Wednesday Wisdom: Writing

This past weekend, I attended AWP (Association of Writers and Writing Programs) in Portland. With 12,000 participants, it was its own city of writers, editors, and agents communed within the walls of the Oregon Convention Center. Long lines for coffee and food trailed into the passageways. People sat on the floor for the one-hour-and-fifteen-minute panels that dealt with every aspect of writing from censorship to the struggle of finding the story and the dreaded heartbeat of every writer: searching for the right word. One message repeated itself over and over. Writing is hard.

Although, technically it isn’t. The act of writing is simple. You put your hand to the keyboard or pen and release words across the page. Why is it so difficult, then? The constraints writers face make writing hard. Every time a writer puts her opinions and creativity into the world, she faces her fears of rejection, judgment, and shame. She tosses aside the current flow of pedestrian life and dares to counter the socialized manner of thinking. She is an outcast.

Why bother? Because it is a must. At an early age, something told her she would be a writer. She read a book that changed her life. Or she lived through something horrible that she wants to prevent from happening again and again and again to innocent girls. A writer seeks amelioration.

The page offers a voice.

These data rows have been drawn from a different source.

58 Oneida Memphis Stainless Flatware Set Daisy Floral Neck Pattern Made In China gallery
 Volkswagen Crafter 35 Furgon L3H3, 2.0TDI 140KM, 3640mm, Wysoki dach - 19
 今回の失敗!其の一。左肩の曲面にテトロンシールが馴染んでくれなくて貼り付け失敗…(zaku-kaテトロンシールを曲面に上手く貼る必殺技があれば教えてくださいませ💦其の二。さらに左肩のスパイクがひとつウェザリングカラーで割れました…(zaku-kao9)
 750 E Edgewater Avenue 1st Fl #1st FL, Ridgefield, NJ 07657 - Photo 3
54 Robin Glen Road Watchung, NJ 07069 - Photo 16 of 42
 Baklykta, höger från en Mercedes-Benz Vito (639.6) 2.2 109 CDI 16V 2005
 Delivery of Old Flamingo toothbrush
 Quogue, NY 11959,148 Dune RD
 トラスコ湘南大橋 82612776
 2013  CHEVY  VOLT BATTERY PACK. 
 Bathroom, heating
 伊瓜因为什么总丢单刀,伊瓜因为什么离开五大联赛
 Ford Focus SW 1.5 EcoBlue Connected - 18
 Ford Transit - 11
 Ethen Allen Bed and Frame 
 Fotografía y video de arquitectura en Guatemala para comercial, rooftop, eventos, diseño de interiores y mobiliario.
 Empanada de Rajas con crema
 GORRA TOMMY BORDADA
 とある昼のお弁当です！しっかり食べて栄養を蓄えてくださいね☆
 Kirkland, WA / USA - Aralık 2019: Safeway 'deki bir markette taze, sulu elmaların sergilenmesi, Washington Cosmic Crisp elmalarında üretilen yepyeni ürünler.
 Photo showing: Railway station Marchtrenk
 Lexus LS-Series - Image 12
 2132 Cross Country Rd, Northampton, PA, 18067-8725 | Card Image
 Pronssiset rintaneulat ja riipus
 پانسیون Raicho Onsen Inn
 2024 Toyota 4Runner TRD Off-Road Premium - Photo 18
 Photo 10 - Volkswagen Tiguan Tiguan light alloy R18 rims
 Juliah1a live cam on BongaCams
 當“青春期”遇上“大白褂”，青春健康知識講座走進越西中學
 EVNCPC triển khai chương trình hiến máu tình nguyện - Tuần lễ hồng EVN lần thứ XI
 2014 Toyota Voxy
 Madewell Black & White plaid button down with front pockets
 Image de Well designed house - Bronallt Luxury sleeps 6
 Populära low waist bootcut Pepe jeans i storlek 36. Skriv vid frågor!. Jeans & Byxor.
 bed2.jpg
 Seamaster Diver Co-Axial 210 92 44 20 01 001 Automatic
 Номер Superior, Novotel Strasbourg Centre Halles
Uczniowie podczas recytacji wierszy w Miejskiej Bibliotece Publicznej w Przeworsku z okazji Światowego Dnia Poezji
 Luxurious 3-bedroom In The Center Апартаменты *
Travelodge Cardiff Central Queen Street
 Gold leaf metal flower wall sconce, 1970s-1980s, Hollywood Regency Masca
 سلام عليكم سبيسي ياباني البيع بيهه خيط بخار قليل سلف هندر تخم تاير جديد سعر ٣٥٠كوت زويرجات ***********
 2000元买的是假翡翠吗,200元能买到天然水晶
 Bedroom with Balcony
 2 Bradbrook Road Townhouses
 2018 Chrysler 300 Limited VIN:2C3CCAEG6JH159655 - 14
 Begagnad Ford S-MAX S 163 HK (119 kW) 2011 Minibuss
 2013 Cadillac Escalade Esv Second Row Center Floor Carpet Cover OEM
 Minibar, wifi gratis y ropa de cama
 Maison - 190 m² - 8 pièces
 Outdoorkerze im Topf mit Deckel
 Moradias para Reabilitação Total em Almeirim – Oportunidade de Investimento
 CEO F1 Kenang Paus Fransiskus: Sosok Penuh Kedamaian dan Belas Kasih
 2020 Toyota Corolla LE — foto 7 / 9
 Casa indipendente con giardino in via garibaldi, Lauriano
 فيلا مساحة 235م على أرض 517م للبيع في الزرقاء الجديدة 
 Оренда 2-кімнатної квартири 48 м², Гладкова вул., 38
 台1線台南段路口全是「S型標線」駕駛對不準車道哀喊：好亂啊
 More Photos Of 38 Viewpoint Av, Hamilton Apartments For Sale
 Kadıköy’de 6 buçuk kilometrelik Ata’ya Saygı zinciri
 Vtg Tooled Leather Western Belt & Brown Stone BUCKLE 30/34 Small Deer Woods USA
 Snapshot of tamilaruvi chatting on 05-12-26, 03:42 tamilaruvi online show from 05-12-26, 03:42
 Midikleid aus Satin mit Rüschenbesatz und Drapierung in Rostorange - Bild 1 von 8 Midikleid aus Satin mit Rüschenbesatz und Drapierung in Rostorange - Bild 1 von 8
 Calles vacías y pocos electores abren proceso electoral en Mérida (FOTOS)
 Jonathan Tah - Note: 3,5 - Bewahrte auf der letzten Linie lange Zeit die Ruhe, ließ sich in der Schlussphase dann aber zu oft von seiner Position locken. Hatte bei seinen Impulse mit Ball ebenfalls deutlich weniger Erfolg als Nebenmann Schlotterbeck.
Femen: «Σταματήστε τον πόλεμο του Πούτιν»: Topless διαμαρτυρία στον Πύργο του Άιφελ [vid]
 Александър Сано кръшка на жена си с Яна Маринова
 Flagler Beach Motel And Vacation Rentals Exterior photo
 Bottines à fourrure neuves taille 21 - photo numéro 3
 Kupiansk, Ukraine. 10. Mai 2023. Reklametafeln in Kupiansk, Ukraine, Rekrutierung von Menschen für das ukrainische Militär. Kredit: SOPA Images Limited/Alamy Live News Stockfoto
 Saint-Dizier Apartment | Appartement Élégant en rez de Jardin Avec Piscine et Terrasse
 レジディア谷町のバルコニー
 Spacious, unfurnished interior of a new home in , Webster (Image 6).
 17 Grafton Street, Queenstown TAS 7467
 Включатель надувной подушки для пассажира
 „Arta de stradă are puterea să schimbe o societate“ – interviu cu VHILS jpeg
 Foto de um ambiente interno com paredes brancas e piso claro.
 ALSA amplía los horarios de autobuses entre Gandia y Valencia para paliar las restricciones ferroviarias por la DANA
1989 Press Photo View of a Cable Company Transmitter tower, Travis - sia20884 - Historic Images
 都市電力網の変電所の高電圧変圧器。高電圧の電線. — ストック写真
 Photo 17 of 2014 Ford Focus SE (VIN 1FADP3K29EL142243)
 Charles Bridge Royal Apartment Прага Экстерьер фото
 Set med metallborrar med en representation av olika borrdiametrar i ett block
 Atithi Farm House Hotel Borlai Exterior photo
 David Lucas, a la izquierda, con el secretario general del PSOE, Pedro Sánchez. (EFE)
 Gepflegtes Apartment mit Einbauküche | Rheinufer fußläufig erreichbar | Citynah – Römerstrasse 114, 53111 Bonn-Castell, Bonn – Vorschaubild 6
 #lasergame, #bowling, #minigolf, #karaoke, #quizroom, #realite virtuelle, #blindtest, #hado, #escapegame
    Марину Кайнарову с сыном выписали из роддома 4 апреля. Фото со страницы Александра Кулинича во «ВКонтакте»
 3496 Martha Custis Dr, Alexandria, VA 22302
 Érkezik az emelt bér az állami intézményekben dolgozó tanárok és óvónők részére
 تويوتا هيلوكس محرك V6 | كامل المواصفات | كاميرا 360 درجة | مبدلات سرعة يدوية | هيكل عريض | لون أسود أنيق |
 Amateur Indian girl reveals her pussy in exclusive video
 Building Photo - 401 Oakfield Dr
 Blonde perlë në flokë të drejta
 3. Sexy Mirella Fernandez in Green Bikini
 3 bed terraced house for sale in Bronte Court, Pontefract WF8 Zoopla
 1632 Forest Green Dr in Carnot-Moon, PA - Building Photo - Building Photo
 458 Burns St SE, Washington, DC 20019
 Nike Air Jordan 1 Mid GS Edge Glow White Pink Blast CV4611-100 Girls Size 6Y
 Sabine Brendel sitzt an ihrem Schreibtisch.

Humanity is brutal in its censorship of the world beyond the privileged status of white men. It squelches many voices, especially the wounded. It silences a girl from announcing her identity, her sexuality, her worth, by not only dismissing her opinions, but her cries to the abuser to just stop. Now.

We convened under one roof, these girls and women, boys and men, and everyone in-between who have experienced the trivializing and traumatizing impact of shame. We united in one force of commonality: the quest for resurrection.

Writing is hard because we fail to believe we deserve the right to own our ideas. It is hard because we believe our efforts are futile, that we have nothing of value to offer, that we are so small nobody will hear us anyway. This is what we’ve been told, and the story we have once told ourselves.

En masse, we were not small. 12,000 writers dared to believe in the power of story. We communed with an internal drive to create a narrative, sometimes fiction, sometimes true, of human conflict, rife with struggle and compassion, torture and resurgence, grief, and a hard-won lesson of perseverance.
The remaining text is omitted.